Where I work we have daily meetings where we talk about what we are doing for the day, and essentially just touching base with the people we work around.  We all like each other so these meetings usually break away from the standard mold and really into just whatever we would like to talk about.  December thirtieth was one of those days.  The group leader (very informal title) asked us what our New Year's Resolutions were.  Most of the answers were things like getting finances in order, excersizing more, getting more work done... the usual.  When it was my turn, I told everyone that I was set to write one thousand words a day, six days a week, for the entire year.  I garnered that they had not expected the response.  They knew I was a writer (not yet an author... I will call myself that after I can get something published) so they knew that I dabbled, but I think they were a little thrown off by such an austere goal.  Even to me the idea of penning one thousand words a day, every day, seemed like an unreachable goal, and I believe that's why I chose it.

That day I started.  Too eager to get cracking on my resolution, I started two days early. By the time I was done writing on the thirtieth of December, I had written about two thousand words, and proud of myself.  Carrying that momentum onward, I wrote a similar amount on the thirty first.  On New Year's morning, I was up at 6am, writing at my coffee house, happy as the proverbial clam.  The journey is not an easy one.  There are days where I easily write for five or six hours and accomplish only a handfull of words, but it doesn't dissuade me.  I have taken to writing short stories longhand as well.  I have found it to whet my writing, creating sharp contrasts with the purple prose I can use in my WIP.  It makes my writing minimalistic as I have to measure out each sentence and how it fits into the others, and it makes me feel more important to the story.  Perhaps it is the simplicity of toiling in one's work that is the harbinger of these sentiments, I cannot be sure, but I do enjoy drafting out story with my hand aching and screaming for me to stop.  Probably not a good thing that I find the pain pleasurable, but when I have written thirteen pages in longhand, my fingers are smudged and black, my hand aches, and I have a big smile plastered across my face.  Catharsis.

That paragraph devolved, I know. In many ways, that has been mirroring my own journey through my one thousand words a day challenge.  My devolution to truer writing through the constant need to show a scene, characters, action, destruction or build-up, resolution.  A thousand words does not allow a writer to mess around, and to stop from getting bored, there is always new things that I like to add.  New challenges to overcome every one-thousand words.  It makes the pace frantic, the writing pop, and the gray rock around my own voice to constantly be chipped away.  
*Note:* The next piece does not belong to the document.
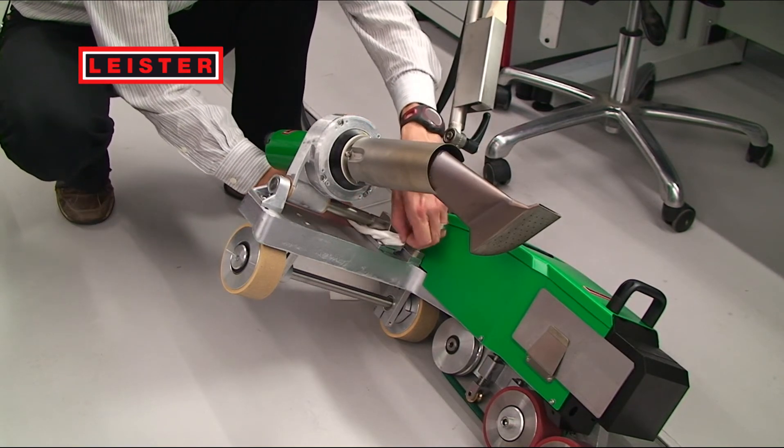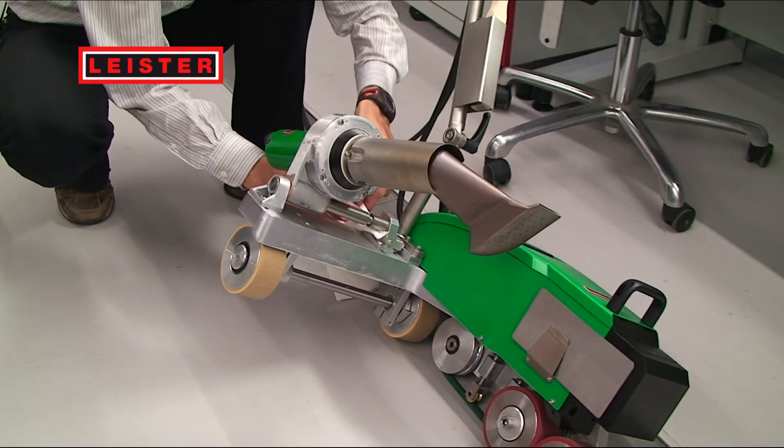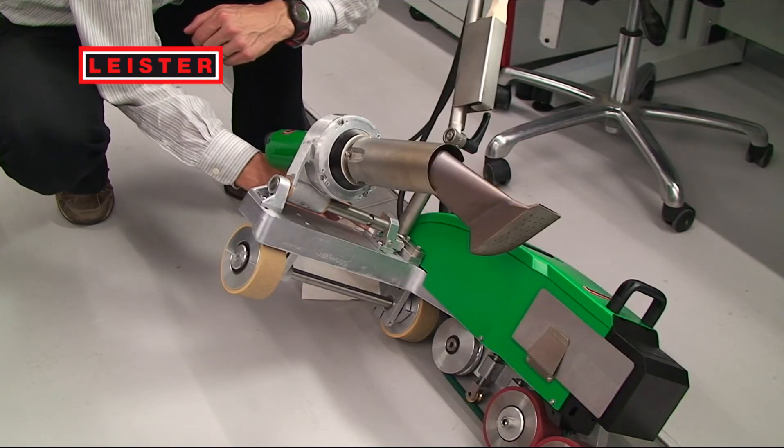If the machine has no drive, even though the welding nozzle is swivelled in, the starting sensor could be contaminated. Clean the sensor with a dry cloth and test the drive to see if it works.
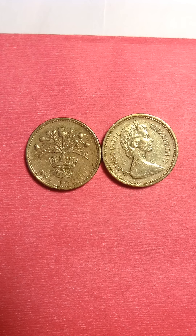I will be turning it around, and because both sides are opposite of each other, they are the same coin — the same one pound. One is from 1984 and the other one is from 1989.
So far, I am pleased with the progress.  It hasn't always worked.  There have been days that I haven't written at all, and others that I have been entirely unable to get to the 1000, but the idea is still there.  It is a spirit of that ephemeral, translucent No.2 that keeps me in check and has kept my furnace for the art of writing in check.  So far, this is what my journey has led me to:
  • 7,000 words in my MS.
  • Two finished short stories (each over 5,000 words a piece)
So far, the journey has been good, and I have written more than my 16,000 words. (I have scheduled off Sundays, but I have only successfully not thought about writing for one of those)  I say this not to brag, but because my last post was on the want of being able to congratulate myself on good writing.  It's not as if the blog has followers, so I don't feel bad in tapping out this little bit of Self-Congratulatorialism.

And if you did actually read all of this, thank you. 


P.S. - I update my progress on my twitter (@OHNOITSKEN) where you can keep up-to-date with my writerly endeavors.


  1. Congrats on your progress so far, Ken!


  2. Hi Ken! Randomly, I found your blog via the Paris Review twitter feed.... and I'm glad I did. I'm trying to get more habitual about my writing, because unlike you, I can barely even call myself a writer... mostly I just think about writing, but hardly set aside the time to do so. So thanks for the inspiration - I especially like the physical toil you describe when doing it long-hand! Best of luck - interested to hear of your progress.

    (When I decide to resume my blog, you can find it at malibuingenue.blogspot). Keep up the good work!